Already, in France, and in Poland, in Albania and across the Middle East and Africa, wild birds infected with a form of the H5N1 Avian flu have been found, and strains of the virus have infected poultry flocks in Asia and most recently in Nigeria, one of Africa's poorest nations, a country already ravaged by crippling poverty and the HIV/AIDS virus. While the virus so far has mutated slowly, in the first two months of this year alone, avian flu has already infected at least 30 people worldwide, killing 20 of them. Since 2003, the disease has claimed almost 100 lives and authorities from the World Health Organization — and from the US government — have warned that at any moment, the virus is likely to change again, triggering a global pandemic that could kill tens of millions across the globe.

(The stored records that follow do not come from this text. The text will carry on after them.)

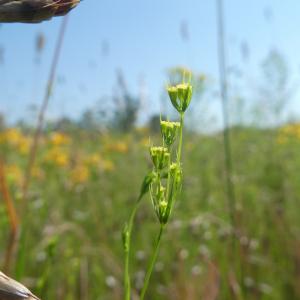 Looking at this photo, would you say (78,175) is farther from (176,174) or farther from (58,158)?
(176,174)

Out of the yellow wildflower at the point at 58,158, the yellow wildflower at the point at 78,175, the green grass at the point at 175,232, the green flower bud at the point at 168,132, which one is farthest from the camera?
the yellow wildflower at the point at 58,158

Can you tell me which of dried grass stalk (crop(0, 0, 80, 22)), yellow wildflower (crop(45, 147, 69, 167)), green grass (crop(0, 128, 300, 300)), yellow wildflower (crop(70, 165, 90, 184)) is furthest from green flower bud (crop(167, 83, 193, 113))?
yellow wildflower (crop(45, 147, 69, 167))

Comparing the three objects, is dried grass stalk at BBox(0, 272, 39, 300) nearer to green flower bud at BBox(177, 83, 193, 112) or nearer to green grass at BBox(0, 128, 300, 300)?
green flower bud at BBox(177, 83, 193, 112)

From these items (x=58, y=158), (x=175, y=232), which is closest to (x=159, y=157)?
(x=175, y=232)

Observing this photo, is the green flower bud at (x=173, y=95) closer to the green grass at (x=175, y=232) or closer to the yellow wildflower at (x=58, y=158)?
the green grass at (x=175, y=232)

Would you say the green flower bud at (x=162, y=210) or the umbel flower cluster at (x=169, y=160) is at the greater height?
the umbel flower cluster at (x=169, y=160)

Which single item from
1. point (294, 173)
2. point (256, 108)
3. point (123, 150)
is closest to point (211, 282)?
point (294, 173)

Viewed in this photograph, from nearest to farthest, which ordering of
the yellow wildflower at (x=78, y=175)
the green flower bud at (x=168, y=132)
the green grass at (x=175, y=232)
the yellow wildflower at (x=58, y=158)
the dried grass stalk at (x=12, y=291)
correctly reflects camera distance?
the dried grass stalk at (x=12, y=291) < the green flower bud at (x=168, y=132) < the green grass at (x=175, y=232) < the yellow wildflower at (x=78, y=175) < the yellow wildflower at (x=58, y=158)

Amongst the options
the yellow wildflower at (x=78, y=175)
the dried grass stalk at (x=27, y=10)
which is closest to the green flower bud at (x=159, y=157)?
the dried grass stalk at (x=27, y=10) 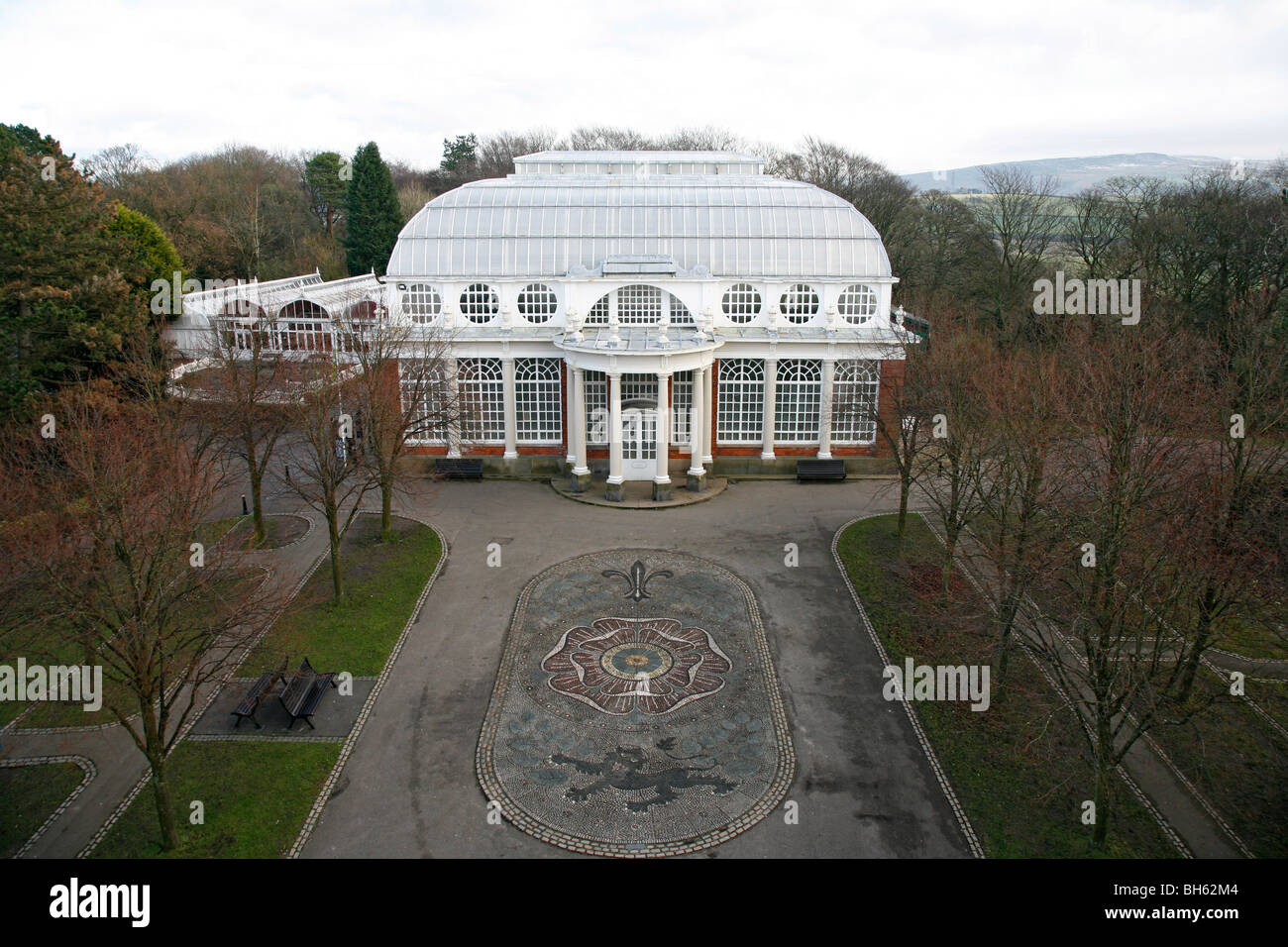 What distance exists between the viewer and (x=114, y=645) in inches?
523

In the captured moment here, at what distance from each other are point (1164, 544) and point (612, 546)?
16.9 metres

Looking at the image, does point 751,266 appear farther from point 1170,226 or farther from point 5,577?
point 5,577

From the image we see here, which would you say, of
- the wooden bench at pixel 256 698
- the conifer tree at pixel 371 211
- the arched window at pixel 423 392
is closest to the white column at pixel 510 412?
the arched window at pixel 423 392

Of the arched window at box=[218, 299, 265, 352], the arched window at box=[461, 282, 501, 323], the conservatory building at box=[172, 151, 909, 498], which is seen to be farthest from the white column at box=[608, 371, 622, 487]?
the arched window at box=[218, 299, 265, 352]

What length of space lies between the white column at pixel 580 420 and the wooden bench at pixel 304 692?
50.6ft

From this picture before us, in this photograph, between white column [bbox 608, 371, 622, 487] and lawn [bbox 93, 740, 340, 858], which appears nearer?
lawn [bbox 93, 740, 340, 858]

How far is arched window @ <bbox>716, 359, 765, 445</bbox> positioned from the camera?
34.9 metres

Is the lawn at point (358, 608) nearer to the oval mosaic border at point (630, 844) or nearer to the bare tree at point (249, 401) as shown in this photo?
the bare tree at point (249, 401)

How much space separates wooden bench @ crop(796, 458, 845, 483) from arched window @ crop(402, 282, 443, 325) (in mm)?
17445

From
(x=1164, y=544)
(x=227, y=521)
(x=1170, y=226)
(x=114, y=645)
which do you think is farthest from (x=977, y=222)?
(x=114, y=645)

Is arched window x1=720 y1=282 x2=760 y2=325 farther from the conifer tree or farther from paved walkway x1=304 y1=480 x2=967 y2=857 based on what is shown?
the conifer tree

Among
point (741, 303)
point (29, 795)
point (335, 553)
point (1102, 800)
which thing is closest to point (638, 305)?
point (741, 303)

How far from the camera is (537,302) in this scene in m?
34.5

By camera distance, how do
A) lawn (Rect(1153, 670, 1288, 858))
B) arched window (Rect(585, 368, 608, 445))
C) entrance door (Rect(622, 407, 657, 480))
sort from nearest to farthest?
lawn (Rect(1153, 670, 1288, 858))
entrance door (Rect(622, 407, 657, 480))
arched window (Rect(585, 368, 608, 445)) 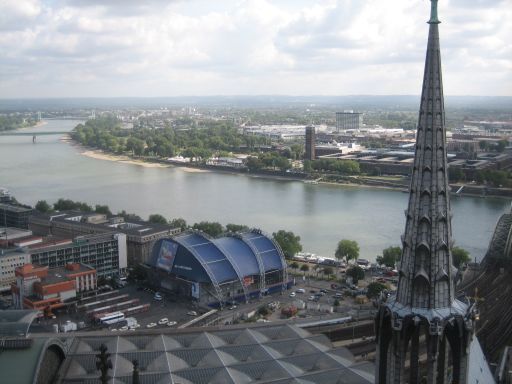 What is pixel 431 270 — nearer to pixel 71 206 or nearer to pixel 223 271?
pixel 223 271

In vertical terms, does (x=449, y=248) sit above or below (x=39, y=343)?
above

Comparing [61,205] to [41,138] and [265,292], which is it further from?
[41,138]

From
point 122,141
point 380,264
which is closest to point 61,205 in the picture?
point 380,264

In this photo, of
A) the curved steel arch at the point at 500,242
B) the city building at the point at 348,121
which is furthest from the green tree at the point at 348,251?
the city building at the point at 348,121

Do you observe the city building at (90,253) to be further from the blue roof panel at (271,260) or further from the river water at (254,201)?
the river water at (254,201)

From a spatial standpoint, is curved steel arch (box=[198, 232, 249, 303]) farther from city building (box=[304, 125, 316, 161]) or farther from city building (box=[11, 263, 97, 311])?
city building (box=[304, 125, 316, 161])

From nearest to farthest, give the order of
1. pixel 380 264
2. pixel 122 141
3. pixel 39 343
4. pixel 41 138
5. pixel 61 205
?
pixel 39 343
pixel 380 264
pixel 61 205
pixel 122 141
pixel 41 138

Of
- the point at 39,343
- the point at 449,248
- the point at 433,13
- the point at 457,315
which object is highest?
the point at 433,13

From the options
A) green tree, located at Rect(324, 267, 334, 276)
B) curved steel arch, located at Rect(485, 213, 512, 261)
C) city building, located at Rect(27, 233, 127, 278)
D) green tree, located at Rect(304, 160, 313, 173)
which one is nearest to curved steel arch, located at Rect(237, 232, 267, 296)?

Just this week, David Nabarro, a physician charged by the United Nations with monitoring the spread of the disease warned that a virulent version of the contagion could reach America's shores in a matter of weeks. Speaking to reporters on Monday, Nabarro said that wild birds carrying the virus would be likely to reach Alaska this spring, and that within six months, infected birds would likely be found throughout the lower 48 states. Underscoring his dire warning, Nabarro then added that a human pandemic "Could break out any time."

Dr. David Nabarro
Dr. David Nabarro

To be sure, that threat is already looming. From Indonesia to Western Europe, across Asia, including the secretive nation of China and into the ill-prepared and poverty stricken nations of Africa, poultry — domestic chickens, ducks, geese and other fowl — are being quarantined and slaughtered by the thousands, and while few believe that testing for the deadly virus has been comprehensive, there is mounting evidence the various forms of the virus are becoming increasingly virulent, and that more and more often, the virus is being transmitted from birds to mammals. While health officials insist that most of the human cases have occurred among people who live and work close to infected poultry and that the disease is not yet easily transmittable from human to human, increasingly, the disease has been found in other domestic animals and other mammals.